§ Work request
Work out how many lines of the records hold the string "Size", and reply with that number alone.
Top of Records supplied
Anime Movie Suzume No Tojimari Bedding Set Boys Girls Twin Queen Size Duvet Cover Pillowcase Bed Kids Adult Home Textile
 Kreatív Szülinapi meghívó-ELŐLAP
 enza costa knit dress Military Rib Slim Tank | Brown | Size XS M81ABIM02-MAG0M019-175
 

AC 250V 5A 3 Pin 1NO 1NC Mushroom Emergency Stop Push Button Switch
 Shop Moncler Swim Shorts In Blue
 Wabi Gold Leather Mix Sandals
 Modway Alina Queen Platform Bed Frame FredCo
Bottom of Records supplied
§ Solution to this problem
2